If you want to upgrade your existing Apcera cluster to release 3.0, before you upgrade the cluster software you will need to add the Vault and Consul components to your cluster.conf file, then deploy the cluster using the 3.0 release.

The Consul component is called kv-store in cluster.conf.

To deploy Vault and Consul for the purposes of upgrading your cluster to Apcera Platform release 3.0, complete the following steps

  1. Open for editing the cluster.conf.erb file

  2. In the machines section, add the vault and kv-store components to the central host.

    For example:

     machines: {
       ...
       central: {
         hosts: ['10.0.0.252', '10.0.1.80', '10.0.2.49']
         suitable_tags: [
           "component-database"
           "api-server"
           "job-manager"
           "router"
           "package-manager"
           "stagehand"
           "cluster-monitor"
           "health-manager"
           "metrics-manager"
           "nats-server"
           "events-server"
           "auth-server"
           "ldap-auth-server"
           "google-auth-server"
           "vault"
           "kv-store"
         ]
       }
       ...
     }
    
  3. In the components section, with the count for each component.
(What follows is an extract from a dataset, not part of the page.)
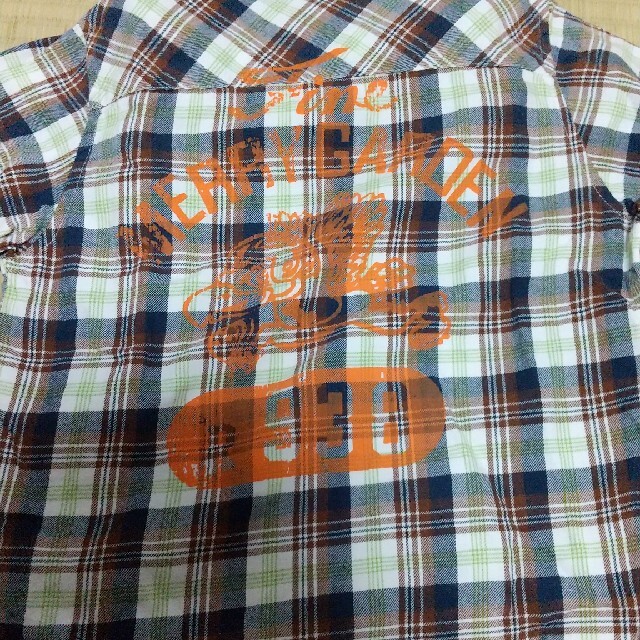 H&M(エイチアンドエム)の男の子チェックシャツ2枚 キッズ/ベビー/マタニティのキッズ服男の子用(90cm~)(Tシャツ/カットソー)の商品写真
The kv-store component must be an odd number: 1, 3, 5, etc. Typcially the component count for both vault and kv-store will match the number of central hosts you are deploying (unless you have an even number of centrals, which is not common).
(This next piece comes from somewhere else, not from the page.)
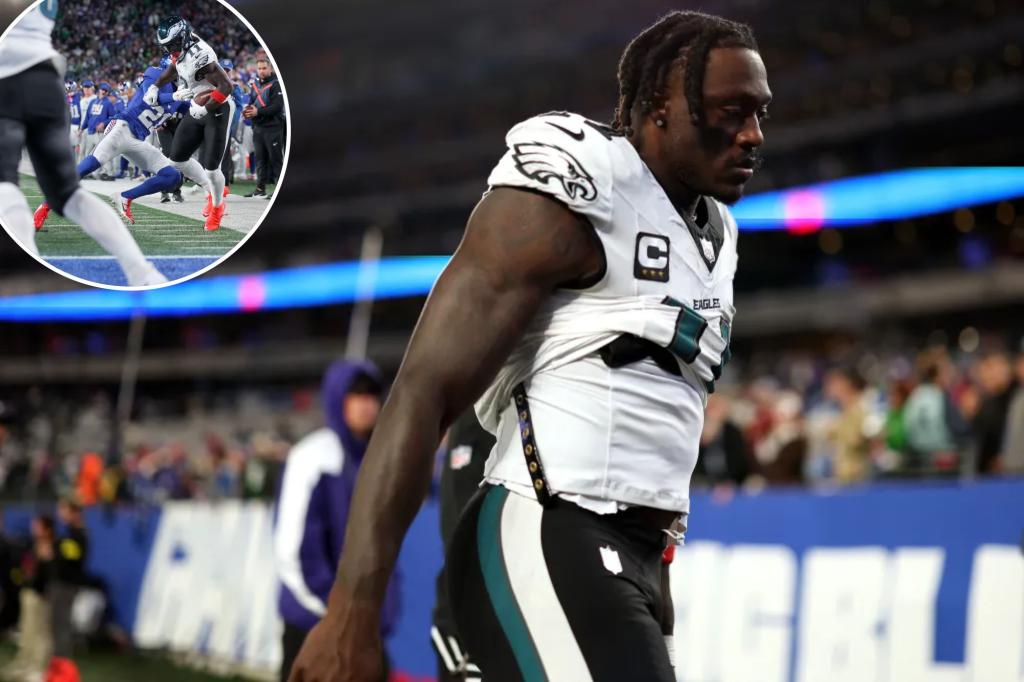 AJ Brown 'clears up' Eagles meeting after denying it happened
    For an minimum production deployment, the Vault and Consul component count is 3. For example:

     components: {
       ...
       # Central Components
       component-database: 3
               api-server: 3
              job-manager: 3
                   router: 3
                 kv-store: 3
                    vault: 3          
          package-manager: 3
           health-manager: 3
          metrics-manager: 3
              nats-server: 3
            events-server: 3
          cluster-monitor: 1
              auth-server: 3
         ldap-auth-server: 3
       google-auth-server: 3
       ...
     }
    
  4. Generate the updated cluster.conf and redeploy the cluster.

    For example:

     erb cluster.conf.erb > cluster.conf
    
     orchestrator-cli deploy -c cluster.conf --release-bundle "release-3.0.0-1a2b3c4.tar.gz"
    
  5. Enter and confirm the cluster passphrase.

  6. Montior Vault and Consul.

    Log in to Zabbix and verify that Vault and Consul are running.

Prompting for Secrets

Optionally you can also add prompts to your cluster.conf for storing supported secrets.

See Configuring Secret Prompts.

Troubleshooting Vault

This section provides troubleshooting tips for deploying and using Vault.

The following error message means you did not enter the proper cluster passphrase.

Provide passphrase for cluster: ******
Unable to login to secret store; this may result in deploy failure later. Error: invalid credentials

The cluster passphrase is the vault login credential. It is not stored anywhere by Orchestrator. It needs to reach vault and do the auth in order to validate the passphrase.

The following error message means either that a previous deploy failed or that Vault is down.

Failed to connect to Secret Store; Continuing might lead to a failed deploy and you might be prompted for secrets again. Do you wish to continue? [y/n]:

If it is the former you can proceed. If it is the latter you should log in to Zabbix and confirm that Vault is down.